Leaving out the pictures, return word for word the stretch of entries below from the line holding "mustafabasarirrr avatar" through the line holding "Renault Kadjar 1.6".

Records for the task:
<<<<

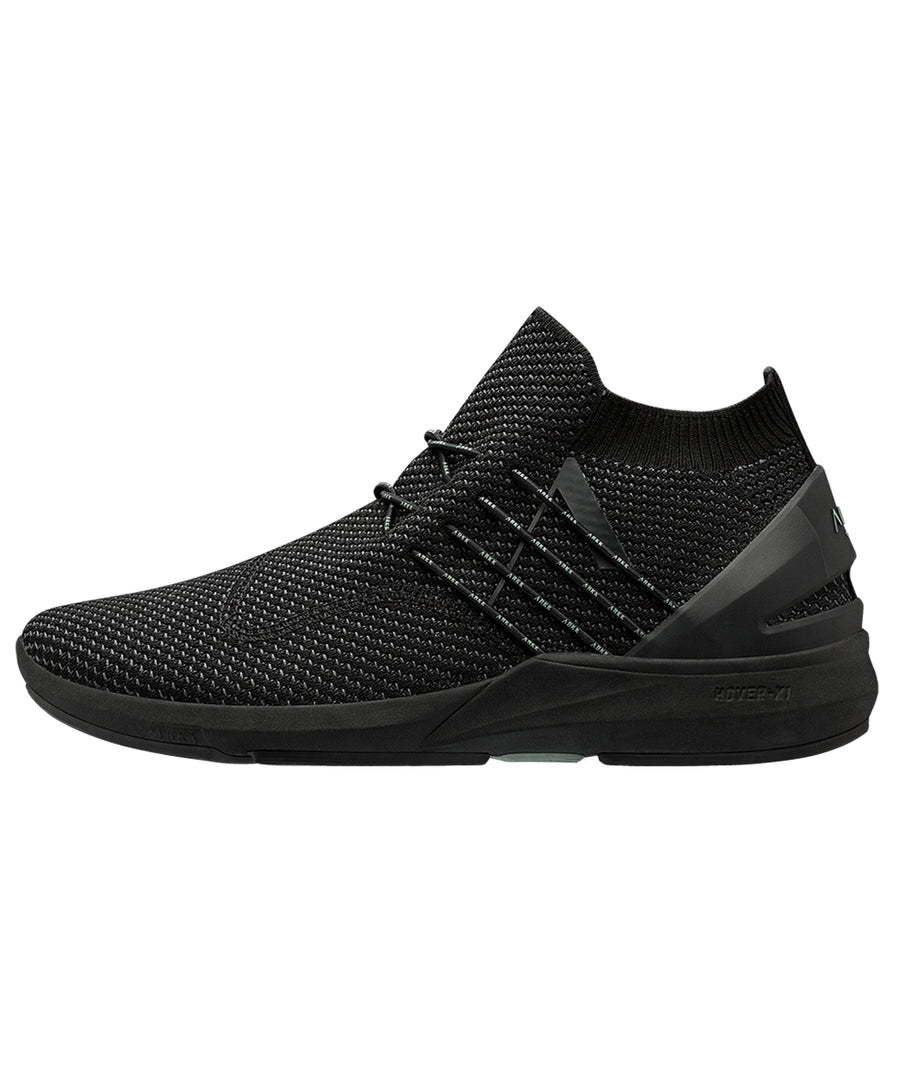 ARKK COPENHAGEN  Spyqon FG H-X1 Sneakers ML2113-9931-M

>>>>
<<<<

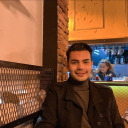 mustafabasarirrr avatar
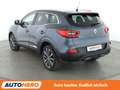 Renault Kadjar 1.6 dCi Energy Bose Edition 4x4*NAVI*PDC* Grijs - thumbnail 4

>>>>

Response:
 mustafabasarirrr avatar
 Renault Kadjar 1.6 dCi Energy Bose Edition 4x4*NAVI*PDC* Grijs - thumbnail 4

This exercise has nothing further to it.